- City: Canonsburg, Pennsylvania
- League: NJHL
- Founded: 2007
- Home arena: Southpointe Iceoplex
- Colors: Black, purple, and white
- Owner: Barry Soskin
- Head coach: Paul Contreras

Franchise history
- 2001–2004: Traverse City Enforcers
- 2007–2009: Penn Enforcers
- 2009–present: Pittsburgh Cougars

= Pittsburgh Cougars =

The Pittsburgh Cougars are a currently dormant junior ice hockey team. The Cougars played their home games at the Iceoplex at Southpointe near Canonsburg, Pennsylvania.

==Franchise History==
The team was originally known as the Traverse City Enforcers and played in Traverse City, Michigan as a member of the now-defunct Continental Elite Hockey League from 2001 until the league folded in 2004. The TC Enforcers' home arena was Centre Ice. In the 2002–2003 season, Scott Gardiner, head coach of the Enforcers, won CEHL coach of the year, and goaltender Aaron Walski was named league rookie of the year.

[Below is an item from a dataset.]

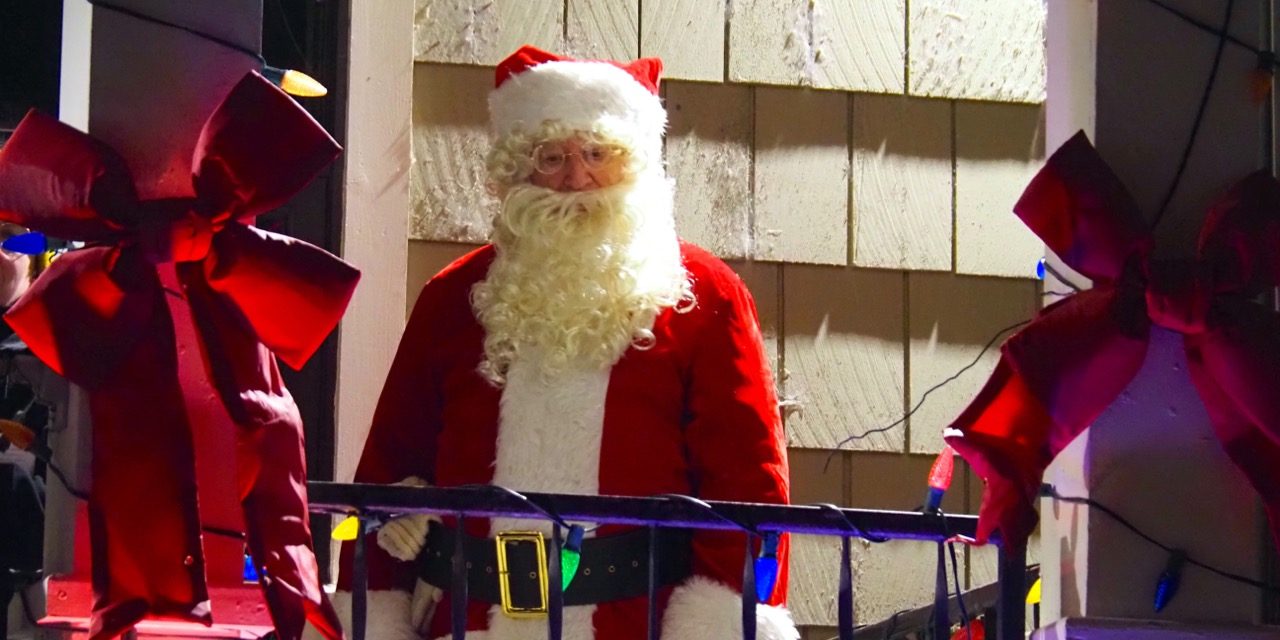 Oliver celebrates the season with Light Up 2025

The team was resurrected in 2007 as a member of the America East Hockey League. The team finished their first season with a record of 9 wins, 35 losses, and 6 ties. After the 2007–2008 season in the AEHL, the management announced a move to the new United Junior Hockey League. The team joined the UJHL in the fall of 2008.

The franchise became the Pittsburgh Cougars in 2009 and is currently dormant.